Optimizing memory accesses is the first step to achieving high performance with OpenCL™ on the Intel® Graphics. Tune your kernel to access memory at an optimal granularity and with optimal addresses.
The OpenCL™ implementation for the Intel® Graphics primarily accesses global and constant memory through the following caches:
- GPU-specific L3 cache
- CPU and GPU shared Last Level Cache (LLC).
Of these two caches, it is important to optimize memory accesses for the L3 cache. L3 cache line is 64 bytes.
Finally, there are L1 and L2 caches that are specific to the sampler and renderer.
Accesses to __global memory and __constant memory go through the L3 cache and LLC. In addition, __private memory that spill from registers do the same. If multiple OpenCL work-items in the same hardware thread make requests to the same L3 cache line, these requests are collapsed to a single request. This means that the effective __global memory, __constant memory, and __private memory bandwidth is determined by the number of the accessed L3 cache lines that are accessed.

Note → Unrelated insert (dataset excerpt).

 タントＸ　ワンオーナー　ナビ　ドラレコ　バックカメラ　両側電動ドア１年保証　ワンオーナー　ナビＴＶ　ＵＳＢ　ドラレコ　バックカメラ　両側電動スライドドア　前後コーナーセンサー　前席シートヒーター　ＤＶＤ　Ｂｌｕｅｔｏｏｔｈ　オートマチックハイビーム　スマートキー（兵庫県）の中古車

For example, if two L3 cache lines are accessed from different work items in the same hardware thread, memory bandwidth is one half of the memory bandwidth in case when only one L3 cache line is accessed.
__local memory is allocated directly from the L3 cache, and is divided into 16 banks at a 32-bit granularity. Because it is so highly banked, it is more important to minimize bank conflicts when accessing local memory than to minimize the number of L3 cache lines accesses.
All memory can be accessed in 8-bit, 16-bit, or 32-bit quantities. 32-bit quantities can be accessed as vectors of one, two, three, or four components.